Dover is the southernmost town of its size in Australia, located on the western shores towards the southern end of the D'Entrecasteaux Channel, just south of the Huon Valley, southwest of Hobart, located on the head of Port Esperance in Tasmania. It has a population of 486; 91% were born in Australia and 5% was born in United Kingdom, with other less common origins such as New Zealand, Germany and Greece all clustering around the 1% mark.

Etymology

First recorded in its Latinised form of Portus Dubris, the name derives from the Brythonic word for waters (dwfr in Middle Welsh). The same element is present in the towns French (Douvres) and Modern Welsh (Dofr) forms.

History
The place name of Blubber Head, at the northern entrance to Port Esperance, may indicate shore-based bay whaling activity took place at the location in the 19th century.

Port Esperance Post Office opened on 6 February 1856 and was renamed "Dover" in 1895.
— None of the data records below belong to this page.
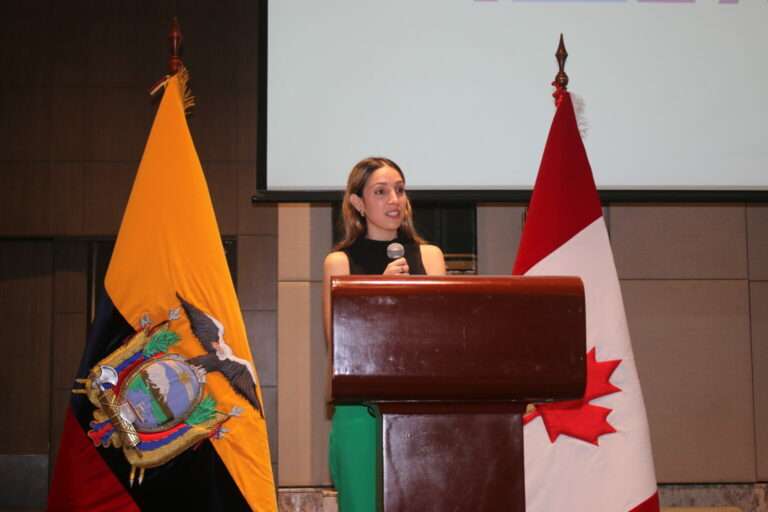 Ministra García destaca beneficios del Acuerdo Comercial entre Ecuador y Canadá en conferencia en Guayaquil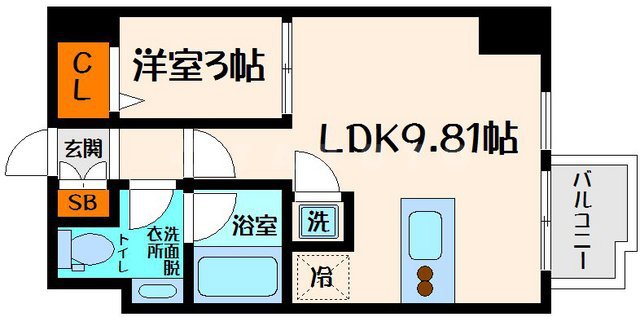 中野町の完工年月(2007年10月)築の賃貸マンションの間取り
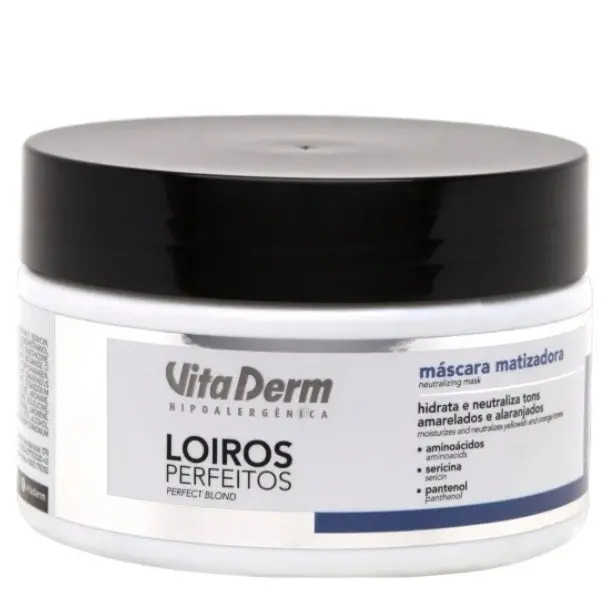 Loiros Perfeitos Perfect Blond Tinting Color Maintenance Mask 220G - Vita Derm 1
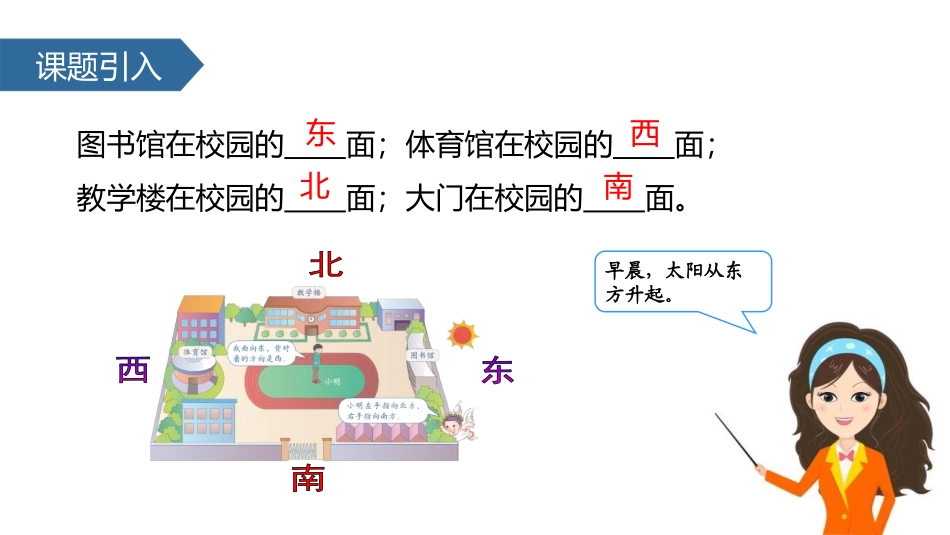 《认识方向》PPT(第1课时)PPT课件[苏教版二年级数学]_第2页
In 2013, the Dover Hotel pub/tavern was destroyed when it was engulfed by a fire.

Climate
Dover has a marine climate (Cfb) with consistently cool, cloudy weather all year round. Despite its southerly latitude and low maximum temperatures, snow and frost are uncommon in winter, however sleet is an occasional occurrence. The highest recorded temperature in Dover was 40.1 °C (104.2 °F) in March 2019, over 20 °C above the March average maximum.